A brasileira Camila Gomes, de 37 anos, conta, direto de Aleppo, na Síria, as dores e as dificuldades de se viver em meio à guerra civil que deixou mais de 10 mil mortos no país

Julho de 2012. Aleppo, a maior cidade da Síria com 2,1 milhões de habitantes, foi tomada pelo conflito entre o Exército Livre da Síria (ELS) e as forças do presidente Bashar Al-Assad, uma ditadura que perdura há 11 anos, seguida pela de seu pai, que durou 29. As Nações Unidas dizem que ao menos 10 mil pessoas morreram em virtude da guerra civil. Três mil apenas em junho, quando o conflito pegou fogo na capital Damasco. Minha cidade, Aleppo, é o mais novo cenário da guerra: o Crescente Vermelho Árabe Sírio (CICV) calcula que 200 mil pessoas já deixaram a cidade e um milhão a Síria. Nasci no Brasil em 1975, mas ainda criança fui levada por minha mãe, Nádia, à Beirute, no Líbano. Cresci com a guerra civil que devastou aquele país por 15 anos. Era uma realidade muito difícil, que agora vejo se repetir com a minha família. Desde que a guerra na Síria começou, em março de 2011, na cidade de Homs, que fica a 200 quilômetros daqui, a minha vida não é mais a mesma; confinados, assistimos ao noticiário, que relata todos os dias a triste realidade do país: ruas destruídas, cortes de água e de luz, fome e dezenas de mortos e feridos tomam as ruas de Aleppo.

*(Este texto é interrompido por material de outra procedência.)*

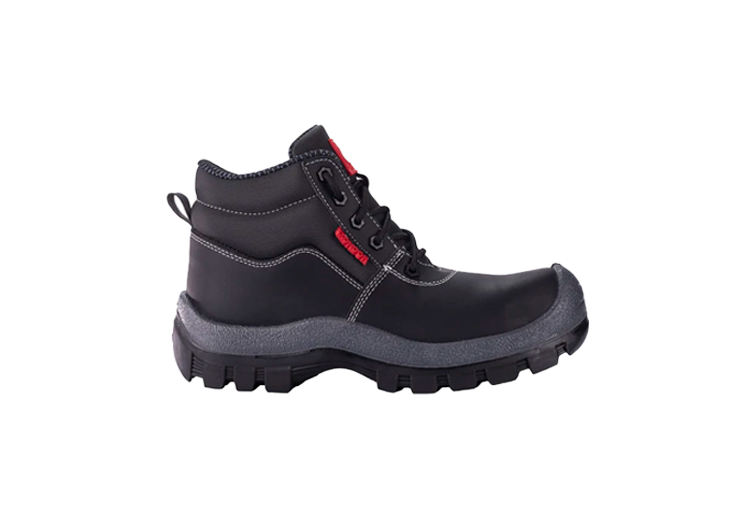 BOTA KONDOR 209 SEGURIDAD NEGRA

Pela segunda vez em duas semanas saí na rua e fui ao supermercado com Sami, meu marido, que é comerciante – as crianças (Rassin, de 17 anos, e Samira, de 15) ficaram em casa – e comprei verduras que restam  e enlatados. Desde que as bombas e os tiros não pararam em Aleppo, compro enlatados para guardar, pois sei que a guerra civil não acabará tão cedo e não poderei comprar comida. O supermercado é o único lugar aonde vamos, e sempre às pressas. Quando os ruídos silenciam, saímos de carro, mas evitamos utilizar o veículo devido à escassez de gasolina. Há três meses os postos estão quase secos e precisamos ficar na fila por horas para conseguir poucos litros. Comida ainda não nos falta, o que nos afeta é a regular queda de energia. Ficamos por algum tempo no escuro, alheios ao que está acontecendo na cidade. Ouvimos apenas o barulho que atravessa a janela. Às vezes somos surpreendidos pela falta de água, o que nos preocupa.

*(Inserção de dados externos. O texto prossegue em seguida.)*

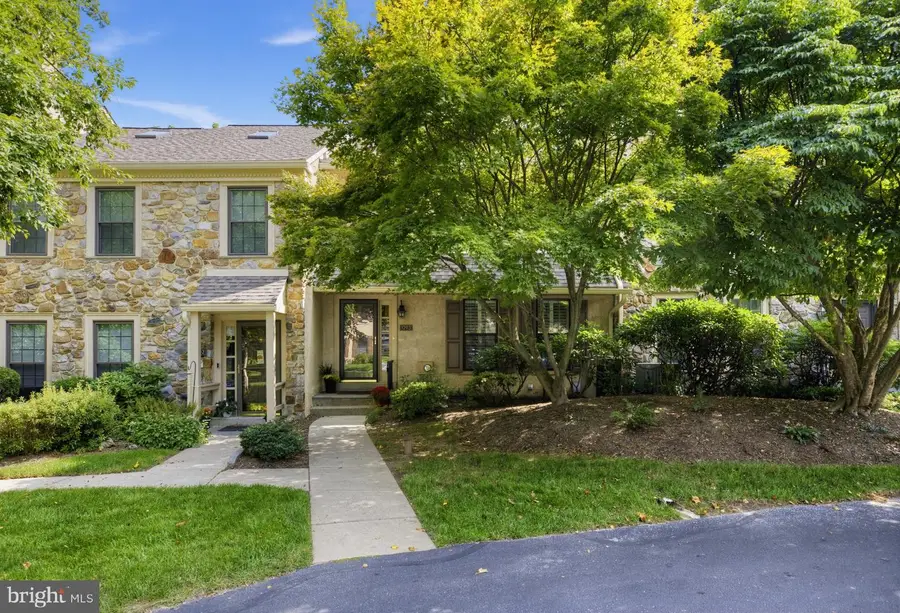 1703 Weatherstone Dr, Paoli, PA 19301 - #2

Em abril, as escolas pararam de funcionar regularmente e minhas duas filhas estão em casa desde julho. Nos últimos dois meses elas ainda iam à escola uma vez por semana para pegar o dever de casa. Agora, elas não saem de casa nem por um minuto. Segurá-las em casa é a parte mais difícil da guerra. Aqui é verão e a temperatura chega aos 40 graus; elas querem ir à praia, sair. No entanto, o medo e o caos no qual a cidade se encontra as mantêm reclusas. Como já passei por isso, quando tinha a mesma idade de minhas filhas, explico para elas que a guerra é passageira e que a vida é assim, essas coisas acontecem. Villat, bairro cristão onde moramos, fica no centro e a apenas três quilômetros do foco principal da guerra civil. O conflito ocorre 24 horas por dia e bem perto daqui. O barulho e a fumaça começaram no oeste, sul e sudeste da cidade.  O conflito é mais intenso em áreas muçulmanas da cidade, como nos bairros de Hamdanyia e Nova Aleppo. Depois que a guerra chegou, não vemos mais um futuro para nossa família em Aleppo.

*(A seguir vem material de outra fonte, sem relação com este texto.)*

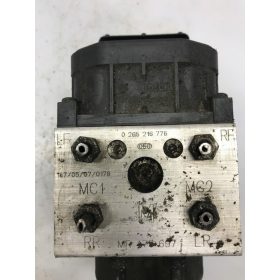 Mitsubishi Space Star ABS kocka 0265219775 0273004489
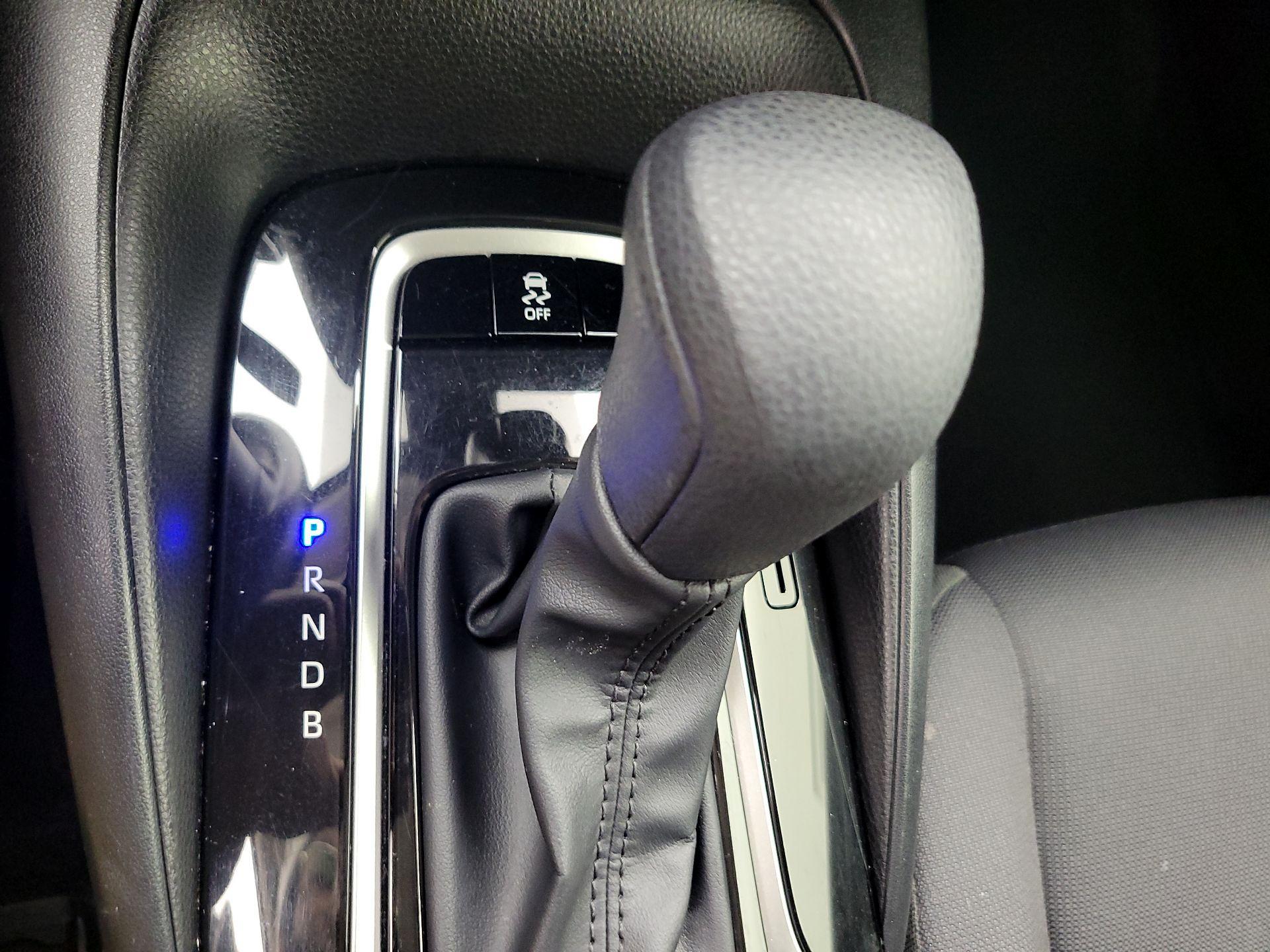 Thumbnail: 2024 Toyota Corolla - 17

Durante o ano passado, os voos de Damasco para o exterior estavam todos lotados e sair do país não é um plano fácil. Cogitamos ir embora, mas as estradas que a conectam à Damasco, capital e provável escape, passam por Homs e são muito perigosas. Ninguém passa por lá, pois o risco de ser ferido por uma bala perdida é muito grande. Esta preocupação é somada ao problema do meu passaporte e o de minhas filhas, que estão vencidos e precisam ser renovados pela embaixada brasileira em Damasco, que foi fechada no dia 20 e agora atua no Líbano. Nossos amigos e vizinhos já deixaram a cidade; suas casas estão agora vazias e serão provavelmente saqueadas e queimadas, caso os donos não retornem.

Vivi no Líbano por 12 anos, de 1980 a 1992, quando casei aos 17 anos e fui morar na Síria com meu marido.  Apesar de não ser a primeira guerra da qual tenho a tristeza de presenciar, ninguém se acostuma com a guerra, é horrível. São tempos muito, muito difíceis. Lembro quando era criança, e minha mãe era sozinha. No Líbano, ela cuidava de mim e dos meus dois irmãos em meio à guerra. Durante o dia, ficávamos na escola e era só o bombardeio começar que ela deixava o trabalho – responsável pelo nosso sustento – e nos resgatava apavorada, com medo de que as bombas tivessem nos atingido. Hoje, com os conflitos na Síria, vejo a história se repetir, o que me faz querer deixar Aleppo.

*Este texto foi escrito em agosto de 2012. Segundo as Nações Unidas, o número de mortes já ultrapassou os 100 mil, estimativa publicada em julho de 2013. Por questões de segurança, os nomes apresentados no texto são fictícios.